Courrier des lecteurs
Articles parus dans les n°97 et 98 de JeuxVidéo Magazine - décembre 2008 et Noël 2008
 



Le grand public va-t-il tuer le jeu vidéo ?
Je viens de voir ce qui est au bas mot le sixième reportage de TF1 sur la Wii en quelques mois. On a donc encore eu droit à « la Wii renforce le physique », « la Wii stimule les neurones » et « la Wii met les adultes au jeu vidéo ». Après des générations de joueurs stigmatisés pour avoir eu un pad ou un clavier entre les mains, on encense des personnes qui sont obligées de se mettre devant un écran pour faire du sport, réfléchir ou encore faire la cuisine ! Et après c’est nous les nolife ? Je ne pense pas que les nouveaux joueurs d’aujourd’hui seront les gamers de demain, ni que ce nouveau phénomène de société sera bénéfique à notre passion.
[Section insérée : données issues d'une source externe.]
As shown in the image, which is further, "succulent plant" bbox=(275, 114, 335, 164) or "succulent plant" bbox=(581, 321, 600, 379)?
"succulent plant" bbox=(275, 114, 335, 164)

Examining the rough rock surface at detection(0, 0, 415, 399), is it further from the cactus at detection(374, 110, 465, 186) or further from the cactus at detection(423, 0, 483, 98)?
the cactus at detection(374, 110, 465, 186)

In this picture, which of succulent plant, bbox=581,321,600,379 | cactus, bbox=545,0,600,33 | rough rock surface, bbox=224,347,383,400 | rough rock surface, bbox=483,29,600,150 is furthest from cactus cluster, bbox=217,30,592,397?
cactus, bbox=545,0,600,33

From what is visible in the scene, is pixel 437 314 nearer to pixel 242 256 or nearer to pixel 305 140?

Comme on peut déjà le constater, le nombre de jeux à faible difficulté et de moyenne qualité augmente de jour en jour, les éditeurs préférant consacrer plus d’argent au marketing qu’à la création. Je ne veux pas d’un monde virtuel où l’entraînement cérébral aura remplacé le RPG, où World of Warcraft sera évincé par le dernier coach virtuel à la mode et où les scénarii à la MGS deviendront aussi denses qu’une recette de cuisine !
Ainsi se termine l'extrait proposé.